About this exercise
Scan the records below. Copy every line in which the word "Drive" appears.

Given entries
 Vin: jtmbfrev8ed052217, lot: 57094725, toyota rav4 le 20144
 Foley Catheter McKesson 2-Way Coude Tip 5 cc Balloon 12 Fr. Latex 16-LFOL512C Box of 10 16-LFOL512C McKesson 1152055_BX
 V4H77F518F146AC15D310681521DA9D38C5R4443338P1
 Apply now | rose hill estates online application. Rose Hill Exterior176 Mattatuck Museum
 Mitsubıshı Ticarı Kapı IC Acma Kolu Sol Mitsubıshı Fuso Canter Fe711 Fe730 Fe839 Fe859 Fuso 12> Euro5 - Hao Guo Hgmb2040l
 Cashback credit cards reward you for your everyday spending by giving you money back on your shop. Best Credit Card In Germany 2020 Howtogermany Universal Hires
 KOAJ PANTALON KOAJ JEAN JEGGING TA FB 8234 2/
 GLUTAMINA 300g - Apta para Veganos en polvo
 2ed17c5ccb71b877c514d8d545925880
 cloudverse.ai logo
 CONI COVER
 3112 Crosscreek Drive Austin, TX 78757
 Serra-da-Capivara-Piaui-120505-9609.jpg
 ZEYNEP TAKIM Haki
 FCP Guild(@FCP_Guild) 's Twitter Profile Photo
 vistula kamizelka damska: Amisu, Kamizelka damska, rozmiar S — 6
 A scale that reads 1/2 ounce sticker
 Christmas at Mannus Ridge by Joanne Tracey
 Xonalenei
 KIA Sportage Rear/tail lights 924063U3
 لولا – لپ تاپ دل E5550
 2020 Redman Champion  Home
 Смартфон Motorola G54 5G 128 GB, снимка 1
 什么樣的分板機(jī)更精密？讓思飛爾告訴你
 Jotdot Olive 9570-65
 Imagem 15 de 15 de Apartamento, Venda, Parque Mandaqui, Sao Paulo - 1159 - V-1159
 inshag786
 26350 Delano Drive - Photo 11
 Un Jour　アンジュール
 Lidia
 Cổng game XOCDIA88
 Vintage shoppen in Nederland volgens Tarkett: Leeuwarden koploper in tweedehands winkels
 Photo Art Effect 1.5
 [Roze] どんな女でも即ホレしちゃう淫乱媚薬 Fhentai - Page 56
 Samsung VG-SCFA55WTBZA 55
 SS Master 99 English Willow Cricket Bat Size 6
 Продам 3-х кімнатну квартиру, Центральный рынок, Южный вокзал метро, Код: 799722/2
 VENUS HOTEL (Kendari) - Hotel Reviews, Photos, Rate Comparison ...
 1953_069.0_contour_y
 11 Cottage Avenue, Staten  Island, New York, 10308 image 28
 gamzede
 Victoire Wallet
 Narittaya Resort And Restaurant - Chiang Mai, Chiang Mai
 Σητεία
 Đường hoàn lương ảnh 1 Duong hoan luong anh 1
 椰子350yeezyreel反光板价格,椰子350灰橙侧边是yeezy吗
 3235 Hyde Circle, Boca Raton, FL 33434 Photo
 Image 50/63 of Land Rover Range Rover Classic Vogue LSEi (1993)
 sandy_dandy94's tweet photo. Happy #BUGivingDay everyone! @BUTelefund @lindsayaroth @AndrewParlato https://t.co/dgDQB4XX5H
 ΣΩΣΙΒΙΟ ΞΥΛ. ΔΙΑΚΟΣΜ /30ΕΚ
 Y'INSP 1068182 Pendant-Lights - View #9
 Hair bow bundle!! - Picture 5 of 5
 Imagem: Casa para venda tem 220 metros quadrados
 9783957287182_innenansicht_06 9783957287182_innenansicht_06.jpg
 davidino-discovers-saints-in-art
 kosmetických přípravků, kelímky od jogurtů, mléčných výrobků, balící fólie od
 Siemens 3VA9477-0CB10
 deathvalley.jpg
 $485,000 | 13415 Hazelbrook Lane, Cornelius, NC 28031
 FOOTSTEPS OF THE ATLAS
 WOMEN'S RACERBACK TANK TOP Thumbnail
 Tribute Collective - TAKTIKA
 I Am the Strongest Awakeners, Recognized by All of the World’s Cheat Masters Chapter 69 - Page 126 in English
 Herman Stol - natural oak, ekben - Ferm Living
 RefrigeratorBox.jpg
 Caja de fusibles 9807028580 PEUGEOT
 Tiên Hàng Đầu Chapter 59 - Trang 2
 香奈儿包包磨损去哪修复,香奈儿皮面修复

Answer section
 3112 Crosscreek Drive Austin, TX 78757
 26350 Delano Drive - Photo 11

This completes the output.